— What is needed —
A verbatim copy of every entry is required.

— The input —
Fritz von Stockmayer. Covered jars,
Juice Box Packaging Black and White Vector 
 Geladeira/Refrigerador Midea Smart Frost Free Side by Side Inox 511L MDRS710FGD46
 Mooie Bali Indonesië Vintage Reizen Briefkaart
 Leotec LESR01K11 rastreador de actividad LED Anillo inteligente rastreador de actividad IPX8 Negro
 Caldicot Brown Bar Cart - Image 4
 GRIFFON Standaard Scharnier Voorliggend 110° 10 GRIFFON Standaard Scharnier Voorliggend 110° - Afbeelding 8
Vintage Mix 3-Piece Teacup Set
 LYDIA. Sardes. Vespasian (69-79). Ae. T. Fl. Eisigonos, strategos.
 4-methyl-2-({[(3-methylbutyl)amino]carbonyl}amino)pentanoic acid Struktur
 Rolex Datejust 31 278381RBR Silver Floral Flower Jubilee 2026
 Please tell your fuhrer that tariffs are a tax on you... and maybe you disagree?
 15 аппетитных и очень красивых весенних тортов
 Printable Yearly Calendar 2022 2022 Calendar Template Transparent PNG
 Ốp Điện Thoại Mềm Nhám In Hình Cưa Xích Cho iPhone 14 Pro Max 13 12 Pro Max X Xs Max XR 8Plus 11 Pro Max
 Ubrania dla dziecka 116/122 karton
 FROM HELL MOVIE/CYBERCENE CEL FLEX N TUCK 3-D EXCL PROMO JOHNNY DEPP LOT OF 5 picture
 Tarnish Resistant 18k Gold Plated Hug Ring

— Task output —
Fritz von Stockmayer. Covered jars,
Juice Box Packaging Black and White Vector 
 Geladeira/Refrigerador Midea Smart Frost Free Side by Side Inox 511L MDRS710FGD46
 Mooie Bali Indonesië Vintage Reizen Briefkaart
 Leotec LESR01K11 rastreador de actividad LED Anillo inteligente rastreador de actividad IPX8 Negro
 Caldicot Brown Bar Cart - Image 4
 GRIFFON Standaard Scharnier Voorliggend 110° 10 GRIFFON Standaard Scharnier Voorliggend 110° - Afbeelding 8
Vintage Mix 3-Piece Teacup Set
 LYDIA. Sardes. Vespasian (69-79). Ae. T. Fl. Eisigonos, strategos.
 4-methyl-2-({[(3-methylbutyl)amino]carbonyl}amino)pentanoic acid Struktur
 Rolex Datejust 31 278381RBR Silver Floral Flower Jubilee 2026
 Please tell your fuhrer that tariffs are a tax on you... and maybe you disagree?
 15 аппетитных и очень красивых весенних тортов
 Printable Yearly Calendar 2022 2022 Calendar Template Transparent PNG
 Ốp Điện Thoại Mềm Nhám In Hình Cưa Xích Cho iPhone 14 Pro Max 13 12 Pro Max X Xs Max XR 8Plus 11 Pro Max
 Ubrania dla dziecka 116/122 karton
 FROM HELL MOVIE/CYBERCENE CEL FLEX N TUCK 3-D EXCL PROMO JOHNNY DEPP LOT OF 5 picture
 Tarnish Resistant 18k Gold Plated Hug Ring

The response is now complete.